Wednesday, May 13, 2009

The Default Line

Foreclosures keep rising and auction workers keep reading
By Diane Dietz - The Register-Guard- May 12, 2009

Lacy Nash, with Oregon Process Service, often reads foreclosure sale postponements to herself and someone at an adjacent desk in the entrance to the Lane County Courthouse. Legally, foreclosure sales or sale postponements must be read somewhere in the county.

The precise moment that Lane County residents lose their houses to foreclosure — or get a formal reprieve — comes with considerable anti-climax.

On Tuesday, for example, at 11 a.m., attorney Robert Russell stepped into the hallway on the eighth floor of the Citizens Building in downtown Eugene, stood with his left hand in the pocket of his crisply pleated slacks and read a piece of paper.

The foreclosure auction of Meyer’s General Store in Blue River and the attached apartment where the owner lives would be “postponed indefinitely,” Russell said.

If a reporter hadn’t been there to witness the reading, Russell would have been alone.
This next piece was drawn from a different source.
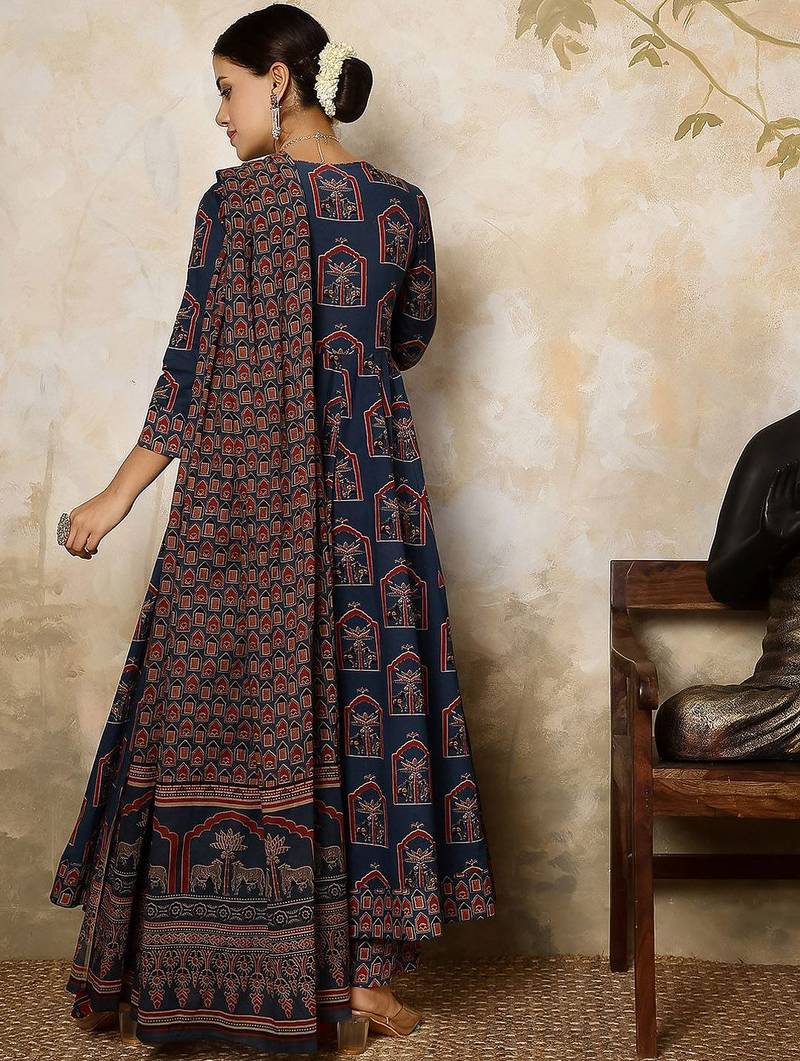 Flared Printed Kurta Palazzo Set With Dupatta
But he said he’d read the legal paperwork out loud anyway. “Yeah, I’m supposed to,” he said.

Two hours later, in the lobby of the Lane County Court House, Lacey Nash, a young woman with a pierced cheek and a nose ring, took a seat at a Formica table and read the fate of three Eugene houses.

This time, each auction was formally postponed until dates in June and July.

Nash, an employee with Oregon Process Services, said her company either conducts the auctions or postpones the auctions at the same spot at the court house as many as three times each weekday — at 10 a.m., at 11 a.m. and at 1 p.m.

“There’s definitely a lot,” Nash said. “Just this morning we got at least 15 (notices) letting people know their houses are being sold.”